*** Task inputs ***

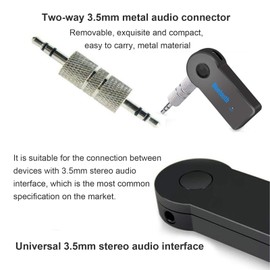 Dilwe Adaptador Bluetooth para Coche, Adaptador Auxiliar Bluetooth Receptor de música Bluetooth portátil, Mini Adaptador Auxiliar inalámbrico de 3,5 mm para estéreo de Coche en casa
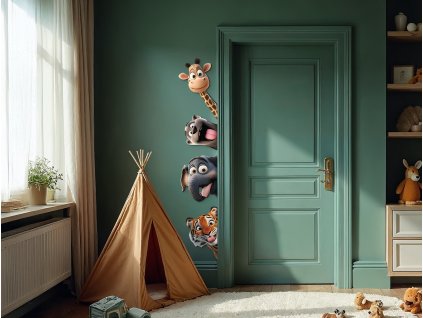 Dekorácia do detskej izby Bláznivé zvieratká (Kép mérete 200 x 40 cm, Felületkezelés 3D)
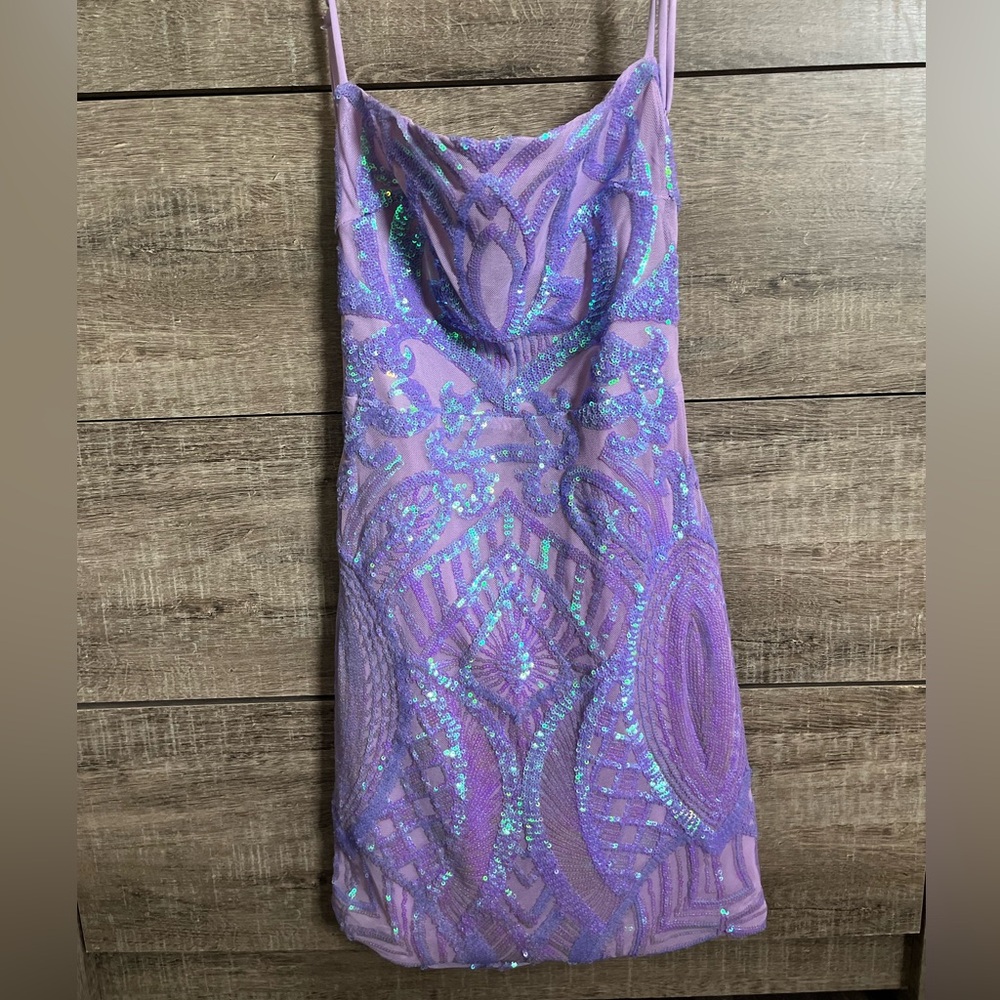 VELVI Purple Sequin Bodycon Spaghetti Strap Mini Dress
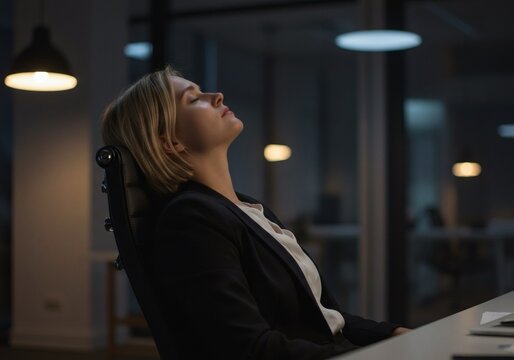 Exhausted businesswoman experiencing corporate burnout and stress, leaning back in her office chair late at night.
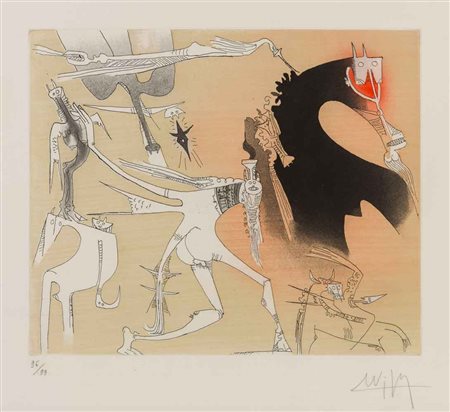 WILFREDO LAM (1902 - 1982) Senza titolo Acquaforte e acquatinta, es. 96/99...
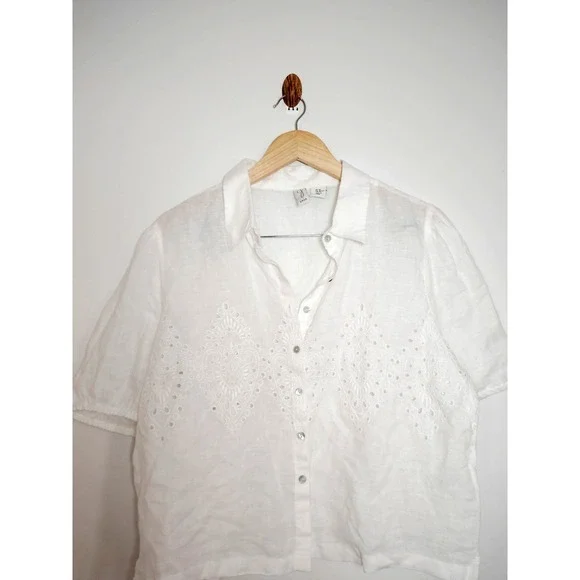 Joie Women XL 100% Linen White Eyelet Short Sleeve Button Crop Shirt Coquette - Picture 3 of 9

***

What is being asked:
Will you set down the records word for word while leaving out every picture?

Expected output:
 Dilwe Adaptador Bluetooth para Coche, Adaptador Auxiliar Bluetooth Receptor de música Bluetooth portátil, Mini Adaptador Auxiliar inalámbrico de 3,5 mm para estéreo de Coche en casa
 Dekorácia do detskej izby Bláznivé zvieratká (Kép mérete 200 x 40 cm, Felületkezelés 3D)
 VELVI Purple Sequin Bodycon Spaghetti Strap Mini Dress
 Exhausted businesswoman experiencing corporate burnout and stress, leaning back in her office chair late at night.
 WILFREDO LAM (1902 - 1982) Senza titolo Acquaforte e acquatinta, es. 96/99...
 Joie Women XL 100% Linen White Eyelet Short Sleeve Button Crop Shirt Coquette - Picture 3 of 9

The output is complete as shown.